Monica Cheru-Mpambawashe Lifestyle Editor
“I can get over the lovely Jacaranda flowers blooming everywhere. And the people are so friendly and supportive. Maybe because this is just a one day visit and I am dealing with wonderful people, everything is magnified. Zimbabwe is a beautiful country.” That was the verdict of Toastmasters International president Jim Kokocki when he visited Harare this past Monday to touch base with the local clubs as part of the commemorations of 90 years of existence for the club.
While many Zimbabweans may not be too familiar with Toastmasters International, the names of Jona Mungoshi and Lloyd Mugabe may ring bells.
Mungoshi hit the limelight when he became the first person from Zimbabwe and Africa to achieve a top three place in the World Championships of Public speaking in August, 2002 in San Antonio, Texas.
In 2003 he attempted to break the Guinness World record for the longest continuous speech when he spoke for 36 hours to beat the existing record of 26 hours. The record currently belongs to a Brit who spoke for more than 46 hours in 2014.
Lloyd Mugabe won the Toastmasters Southern Africa International Speech Contest, and went on to represent the region at the World Championships in Malaysia August 2014.

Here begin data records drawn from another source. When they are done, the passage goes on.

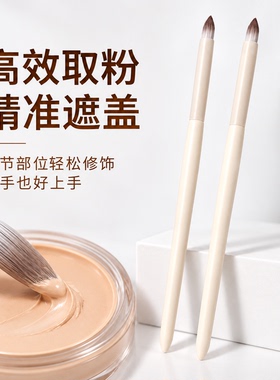 云瓷铅笔头软毛遮瑕刷遮黑眼圈
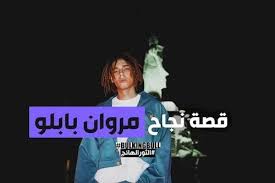 قصة نجاح الرابر مروان بابلو Marwan Pablo In 2020 Success Stories Movie Posters Story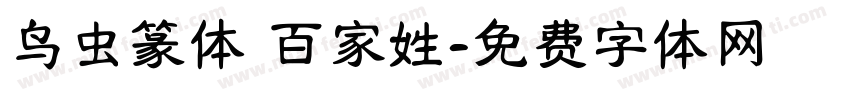 鸟虫篆体 百家姓字体转换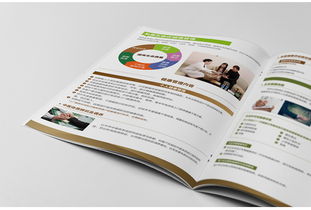 智繪品牌，賦能未來 深圳奧亞集團宣傳冊設計與營銷策劃案例解析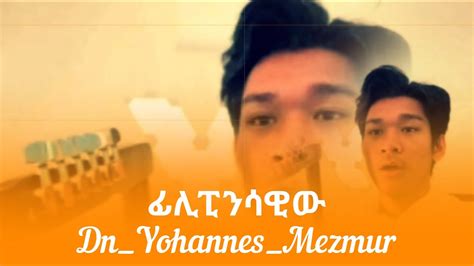 Dn Yohannes ዲን ዮሐንስ መዝሙር Ethiopianorthodox የንሰሐ መዝሙር Mezmur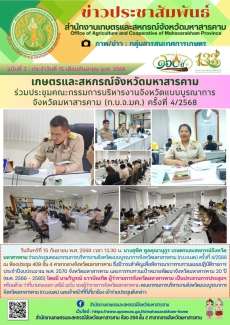 เกษตรและสหกรณ์จังหวัดมหาสารคาม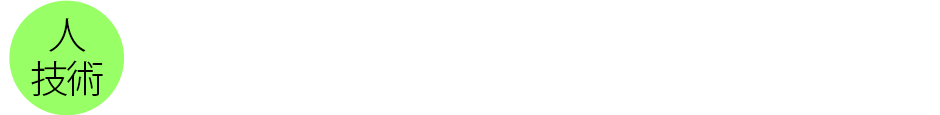 熟練のスタッフ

From ordinary existences, the two men are well on their way on odysseys to conquer the world. They are living up to the motto of Toastmasters International which declares that Every Toastmaster’s journey starts with a single speech.
They say to the toast of the town you need a lot of bread. Which may be true enough but after getting the accolades, one needs to know how to accept them gracefully.
Many successful people in business and other spheres of life pull themselves from disadvantaged backgrounds to become the movers and shakers of the world. While they may have proved themselves in their fields, a lot of them still feel inadequate in some social and formal settings as they struggle to relate to the culture they now find themselves in.
The importance of fitting in is more than about shallow snobbish perceptions such as knowing the right knife to use with each given dish. While it may not matter that one cuts their pre-meal roll with a knife instead of breaking it with their hand, it is vital for a person in a position of influence to be able to effectively communicate with subordinates, clients, peers, the media and other key people.
Toastmasters International is a nonprofit educational organisation that operates clubs worldwide for the purpose of helping members improve their communication, public speaking, and leadership skills.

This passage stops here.